Once again at the kitchen confessional. This is my tenth post. Where have I been and where am I now?

I have a habit of starting things but not seeing them through, so that they end unsatisfactorily,  sort of limp to a finish. A failure to commit leads to an unnatural death perhaps.  This shortcoming, as I see it, stems from an ingrained notion of self-doubt, a lack of faith in my own ability. It also comes from a desire to seek others’ approval and a focus on their potential expectations, as I imagine them. So a reason, maybe the main one, for doing this blog is to explore both of those things. Publishing online raises the stakes. There is an audience so I am aware my writing and my ideas are being scrutinised. It’s been interesting to notice how, as I publish, I am concerned (or not) with wanting to please anybody who might be reading, looking at that desire to somehow satisfy a vague and vast collective (and possibly extending my readership at the same time).

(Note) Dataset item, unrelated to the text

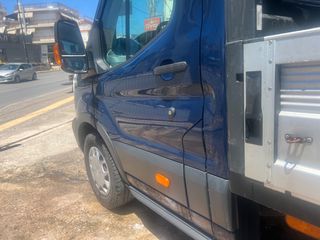 Καρότσα Ford 2018 transit tred l***ΠΙΣΩ ΚΙΝΗΣΗ***ΜΟΥΣΑΜΑΣ-ΚΑΡΟΤΣΑ 3,60χ2,15-thumb-42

Yet the spectators remain, somewhere. I should take care with my prose, and write as well as I can, while remaining true to the ethos of this project which is to be creative using cooking as a springboard. To see where I go and enjoy the uncertainty of not knowing.

During the week or thereabouts between posts ideas simmer away on a low bubble. Last time I mentioned my spice project and what I got up to this time can be an extension of it. I have to follow my instincts and go with my gut. The body rules the mind in my case anyway.

I reckon no self-respecting home kitchen cook can be without a decent stock, freshly-made or ready to defrost. This I found out to my cost recently when I attempted a chermoula-inspired chicken dish which had all the promise of full flavour but was let down by an insipid liquid finish. I used water (bottled – tap water is a no-no here) with a stock cube crumbled in. And while the finished dish looked appetising, rich in red pepper, sweet potato and tomato (judge for yourselves below) all the taste had actually been washed away.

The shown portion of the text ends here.